About the Project
In a globalized world characterized by modes of economic production requiring the ongoing production of new knowledge, Africa will only compete if it is able to participate as more than a producer of raw materials for ‘reinvented’ goods. In order to do this, Africa needs to increase its research production. This will only be achieved if more doctoral graduates are produced and if its existing scholars are supported to work at the cutting edges of disciplines and subject areas.
However, the need for economic development is not the only reason for an increase in research production. Knowledge contributes to the stability of democratic societies. The opening up of research production to those who have been previously marginalized is central to this.

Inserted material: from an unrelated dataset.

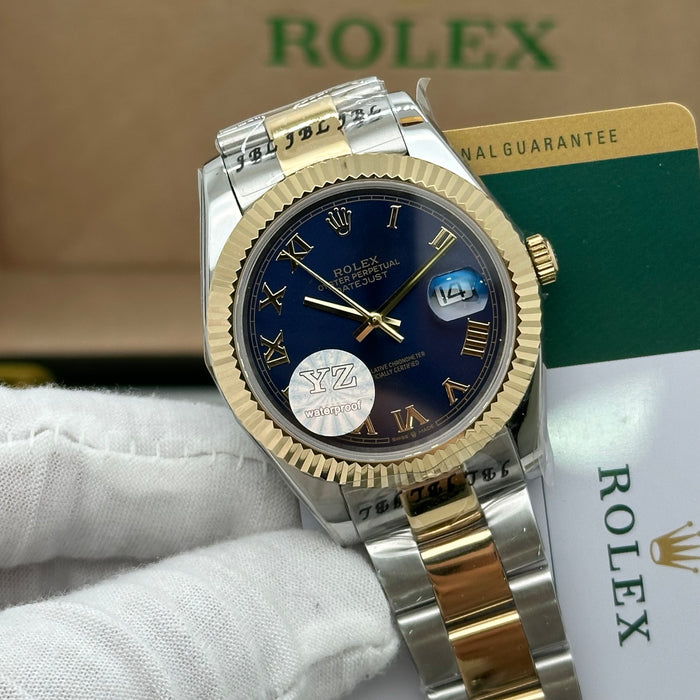 Rolex Datejust 41 mm Two-Tone Roman Blue Dial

This project differs from many others aimed at increasing research capacity by focusing not on the development of structures, such as programmes, units or policies but by working in the ‘cultural domain’ to foster the development of research-rich environments in which academics and postgraduate students can thrive. Social scientists constantly remind us that culture is as important as structure but is often overlooked.
The focus of this project on creating postgraduate collaborations through fostering necessary research-rich environments emerges from various drivers. The pivotal role played by universities in responding to community needs through research requires continuous improvement in the level of postgraduate education.
In South Africa, the National Development Plan 2030 calls for 5000 PhD graduates per year. In 2010, only 1410 doctoral candidates graduated, in 2017, this had jumped to just over 3000.
At the same time, the Plan recognises that the academic workforce in South Africa is ageing. The need to produce a ‘new generation’ of academics who are more representative of the demographics of the country is imperative. About 36% of academics in the South African higher education system have doctorates. The goal in the Plan is to increase this to 75% by 2030. It is only by developing research rich environments and improving supervision that these goals will be achieved.
In Kenya, the National Strategy for University Education (2007-2015), which was revised to cover the period up to 2022, is aligned to the Ministry of Education’s (State Department of University Education) strategic goals to be pursued in line with Vision 2030 and the United Nations’ Sustainable Development Goals and propelled by science and technology, as contained in the National Strategy for University Education, 2007-2015 (Wandiga Report, 2008). The Vision 2030 envisages Kenya to be a middle income and industrialised developing country.
The Kenyan government recognises the importance of postgraduate training and research, and of science and technology in national and regional development and to meet societal needs globally. It also recognises the role universities play in this aspect and this is captured in the Policy Framework for Education and Training: Reforming Education and Training in Kenya, Ministry of Education (Sessional Paper, 2012 and No. 5, 2015).
As for the CPC project, the national priority of EACEA’s CBHE programme (KA2) with regard to South Africa (Region 10) and Kenya (Region 11) concerns “the development of research and innovation capacities”.
The Creating Postgraduate Collaborations project builds on previous projects focused on developing postgraduate education. The EU funded Enhancing Postgraduate Environments project resulted in the development of a range of open access materials for researchers, supervisors, and postgraduate students. The NUFFIC and DHET funded Strengthening Postgraduate Supervision project led to the development of a supervision development course offered more than 60 times in 22 South African universities.